Member of Parliament from Undivided Rangpur-17 (now Kurigram-4)
- In office 1973–1975

Personal details
- Born: Kurigram District
- Party: Bangladesh Awami League
- Nickname: Chakku Mian

= Mohammad Sadakat Hossain =

Bangladeshi politician

Mohammad Sadakat Hossain, also known as Chakku Mian, was a politician of Kurigram district of Bangladesh, Freedom fighter and former Member of Parliament for undivided Rangpur-17 (now Kurigram-4) constituency in 1973. He was an organizer of the Liberation War of Bangladesh.

== Career ==
He stood as an Awami League candidate in the 1970 Pakistani general election, and was elected Member of the National Assembly (MNA) for constituency Rangpur-III.
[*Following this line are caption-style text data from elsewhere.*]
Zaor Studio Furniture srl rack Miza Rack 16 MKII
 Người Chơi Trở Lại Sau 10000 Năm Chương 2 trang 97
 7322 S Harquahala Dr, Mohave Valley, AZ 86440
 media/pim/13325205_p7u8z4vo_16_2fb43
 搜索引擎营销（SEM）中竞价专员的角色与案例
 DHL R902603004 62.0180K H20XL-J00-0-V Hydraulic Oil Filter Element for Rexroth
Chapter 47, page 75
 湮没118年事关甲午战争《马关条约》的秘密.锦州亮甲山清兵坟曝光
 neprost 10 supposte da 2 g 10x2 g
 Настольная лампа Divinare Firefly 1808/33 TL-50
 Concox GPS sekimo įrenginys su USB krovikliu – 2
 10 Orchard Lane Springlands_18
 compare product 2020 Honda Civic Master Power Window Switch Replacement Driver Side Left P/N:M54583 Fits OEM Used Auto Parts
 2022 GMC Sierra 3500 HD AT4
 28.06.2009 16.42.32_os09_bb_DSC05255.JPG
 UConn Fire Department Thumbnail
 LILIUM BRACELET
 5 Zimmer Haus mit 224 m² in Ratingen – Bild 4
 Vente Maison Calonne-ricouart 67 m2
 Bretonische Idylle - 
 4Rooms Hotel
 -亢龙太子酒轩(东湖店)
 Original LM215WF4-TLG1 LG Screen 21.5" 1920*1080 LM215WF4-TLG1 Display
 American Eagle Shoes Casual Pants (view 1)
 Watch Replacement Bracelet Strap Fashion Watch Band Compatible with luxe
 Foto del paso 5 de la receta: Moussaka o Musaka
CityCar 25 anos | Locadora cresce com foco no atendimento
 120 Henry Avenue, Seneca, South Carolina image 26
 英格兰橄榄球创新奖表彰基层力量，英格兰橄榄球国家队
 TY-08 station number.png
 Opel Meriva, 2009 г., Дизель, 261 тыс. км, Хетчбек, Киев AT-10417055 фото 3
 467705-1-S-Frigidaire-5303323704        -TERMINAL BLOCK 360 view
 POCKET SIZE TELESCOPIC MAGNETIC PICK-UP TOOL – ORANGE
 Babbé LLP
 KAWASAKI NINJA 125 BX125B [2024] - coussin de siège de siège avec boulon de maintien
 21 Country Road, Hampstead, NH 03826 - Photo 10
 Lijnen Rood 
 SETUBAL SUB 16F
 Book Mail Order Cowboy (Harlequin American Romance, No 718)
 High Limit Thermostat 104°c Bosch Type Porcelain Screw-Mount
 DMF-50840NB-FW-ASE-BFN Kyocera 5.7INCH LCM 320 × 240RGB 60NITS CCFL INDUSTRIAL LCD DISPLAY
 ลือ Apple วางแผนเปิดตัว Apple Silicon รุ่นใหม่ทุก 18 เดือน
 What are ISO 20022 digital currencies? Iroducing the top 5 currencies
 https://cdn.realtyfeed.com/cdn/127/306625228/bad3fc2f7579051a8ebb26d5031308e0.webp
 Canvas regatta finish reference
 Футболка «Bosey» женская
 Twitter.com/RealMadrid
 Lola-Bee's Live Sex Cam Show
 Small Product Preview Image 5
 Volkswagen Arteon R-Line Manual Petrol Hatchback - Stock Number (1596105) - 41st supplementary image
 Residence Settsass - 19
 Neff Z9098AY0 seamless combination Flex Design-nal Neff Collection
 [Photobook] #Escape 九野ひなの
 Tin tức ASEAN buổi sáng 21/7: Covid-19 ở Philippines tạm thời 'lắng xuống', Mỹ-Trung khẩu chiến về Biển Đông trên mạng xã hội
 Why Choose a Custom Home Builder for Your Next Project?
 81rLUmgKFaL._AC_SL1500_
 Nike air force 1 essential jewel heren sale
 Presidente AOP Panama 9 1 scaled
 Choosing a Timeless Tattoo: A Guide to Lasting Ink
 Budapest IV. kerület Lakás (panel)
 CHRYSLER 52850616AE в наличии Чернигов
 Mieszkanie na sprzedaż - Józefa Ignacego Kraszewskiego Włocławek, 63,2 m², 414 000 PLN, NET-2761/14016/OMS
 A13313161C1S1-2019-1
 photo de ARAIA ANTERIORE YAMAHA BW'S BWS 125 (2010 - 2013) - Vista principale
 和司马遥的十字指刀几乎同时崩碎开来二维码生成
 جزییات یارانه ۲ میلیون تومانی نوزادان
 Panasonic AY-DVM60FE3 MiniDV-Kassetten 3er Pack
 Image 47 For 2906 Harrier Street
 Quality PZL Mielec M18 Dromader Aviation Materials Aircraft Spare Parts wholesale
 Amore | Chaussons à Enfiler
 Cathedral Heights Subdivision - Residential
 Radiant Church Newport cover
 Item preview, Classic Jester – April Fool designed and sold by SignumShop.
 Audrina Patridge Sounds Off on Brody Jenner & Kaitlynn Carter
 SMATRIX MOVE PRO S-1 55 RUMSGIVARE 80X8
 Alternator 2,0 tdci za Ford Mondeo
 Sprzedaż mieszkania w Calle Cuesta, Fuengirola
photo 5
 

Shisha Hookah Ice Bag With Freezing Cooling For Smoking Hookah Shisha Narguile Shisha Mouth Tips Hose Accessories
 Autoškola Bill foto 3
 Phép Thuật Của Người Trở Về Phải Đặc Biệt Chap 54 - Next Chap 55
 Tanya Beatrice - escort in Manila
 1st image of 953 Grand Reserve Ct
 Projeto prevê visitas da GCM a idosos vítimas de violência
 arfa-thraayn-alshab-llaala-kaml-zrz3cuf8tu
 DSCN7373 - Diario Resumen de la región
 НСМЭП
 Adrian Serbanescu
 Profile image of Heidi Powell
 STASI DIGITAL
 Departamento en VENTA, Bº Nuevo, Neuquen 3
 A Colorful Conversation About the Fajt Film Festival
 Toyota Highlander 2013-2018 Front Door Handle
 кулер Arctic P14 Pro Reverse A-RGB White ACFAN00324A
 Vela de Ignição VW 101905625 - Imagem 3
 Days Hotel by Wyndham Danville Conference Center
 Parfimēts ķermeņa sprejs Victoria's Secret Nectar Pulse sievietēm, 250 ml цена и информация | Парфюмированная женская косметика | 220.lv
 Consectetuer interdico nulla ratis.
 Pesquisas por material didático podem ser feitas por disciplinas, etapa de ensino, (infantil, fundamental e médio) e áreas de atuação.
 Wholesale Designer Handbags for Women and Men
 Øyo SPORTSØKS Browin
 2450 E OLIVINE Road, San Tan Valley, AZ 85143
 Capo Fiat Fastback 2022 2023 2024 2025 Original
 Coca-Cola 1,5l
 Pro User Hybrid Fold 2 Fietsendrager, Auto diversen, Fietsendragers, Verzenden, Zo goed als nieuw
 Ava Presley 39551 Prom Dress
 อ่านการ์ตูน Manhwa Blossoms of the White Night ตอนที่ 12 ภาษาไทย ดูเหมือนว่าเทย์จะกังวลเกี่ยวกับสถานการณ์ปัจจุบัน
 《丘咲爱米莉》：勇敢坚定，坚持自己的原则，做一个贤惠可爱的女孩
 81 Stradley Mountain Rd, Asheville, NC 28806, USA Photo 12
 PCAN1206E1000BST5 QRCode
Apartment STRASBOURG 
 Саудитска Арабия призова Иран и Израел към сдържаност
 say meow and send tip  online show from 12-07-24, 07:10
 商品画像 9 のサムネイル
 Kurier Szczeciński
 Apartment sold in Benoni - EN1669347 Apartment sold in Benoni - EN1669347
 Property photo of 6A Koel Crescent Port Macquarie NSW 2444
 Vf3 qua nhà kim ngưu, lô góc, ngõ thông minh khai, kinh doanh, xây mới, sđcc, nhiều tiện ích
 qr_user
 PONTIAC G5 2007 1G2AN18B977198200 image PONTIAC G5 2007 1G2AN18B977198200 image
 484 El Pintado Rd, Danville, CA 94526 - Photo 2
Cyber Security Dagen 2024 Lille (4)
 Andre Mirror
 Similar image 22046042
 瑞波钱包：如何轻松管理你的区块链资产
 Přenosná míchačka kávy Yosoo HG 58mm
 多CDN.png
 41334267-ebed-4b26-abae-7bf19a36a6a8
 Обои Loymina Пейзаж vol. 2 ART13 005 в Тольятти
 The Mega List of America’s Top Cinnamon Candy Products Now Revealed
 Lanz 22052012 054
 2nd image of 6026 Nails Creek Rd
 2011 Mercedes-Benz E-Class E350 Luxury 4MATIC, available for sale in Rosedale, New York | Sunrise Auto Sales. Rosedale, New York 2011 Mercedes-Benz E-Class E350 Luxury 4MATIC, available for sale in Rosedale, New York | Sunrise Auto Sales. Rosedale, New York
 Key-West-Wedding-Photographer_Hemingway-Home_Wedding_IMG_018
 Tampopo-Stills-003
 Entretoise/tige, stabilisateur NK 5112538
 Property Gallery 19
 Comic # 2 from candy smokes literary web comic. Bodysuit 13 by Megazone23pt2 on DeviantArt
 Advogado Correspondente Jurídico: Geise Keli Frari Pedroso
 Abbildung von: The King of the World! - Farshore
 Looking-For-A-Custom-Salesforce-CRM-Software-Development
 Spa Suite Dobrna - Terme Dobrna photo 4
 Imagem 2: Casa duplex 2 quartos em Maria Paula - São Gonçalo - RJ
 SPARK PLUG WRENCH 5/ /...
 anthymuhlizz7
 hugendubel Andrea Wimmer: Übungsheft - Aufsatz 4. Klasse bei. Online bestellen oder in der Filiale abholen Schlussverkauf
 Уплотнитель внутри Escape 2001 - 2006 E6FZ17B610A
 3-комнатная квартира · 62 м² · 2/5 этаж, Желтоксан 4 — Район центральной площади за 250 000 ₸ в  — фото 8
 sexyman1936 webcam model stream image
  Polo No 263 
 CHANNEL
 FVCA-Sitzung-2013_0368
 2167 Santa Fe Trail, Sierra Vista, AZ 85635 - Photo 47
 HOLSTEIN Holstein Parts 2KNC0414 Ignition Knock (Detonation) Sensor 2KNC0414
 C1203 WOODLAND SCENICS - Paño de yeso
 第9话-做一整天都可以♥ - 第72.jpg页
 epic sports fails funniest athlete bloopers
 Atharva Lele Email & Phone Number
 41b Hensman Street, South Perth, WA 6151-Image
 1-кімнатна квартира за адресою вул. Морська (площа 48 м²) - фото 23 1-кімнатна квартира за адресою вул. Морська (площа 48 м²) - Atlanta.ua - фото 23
Hossain was a freedom fighter and an organizer of the Bangladesh Liberation War. He was the president of Chilmari Thana of Bangladesh Awami League and the headmaster of Chilmari High School.

After independence, he was elected to parliament from Rangpur-17 (now Kurigram-4) as an Awami League candidate in the 1973 Bangladeshi general election. In the 1991 Bangladeshi general election, Hossain stood, unsuccessfully, for Kurigram-4 as an independent candidate.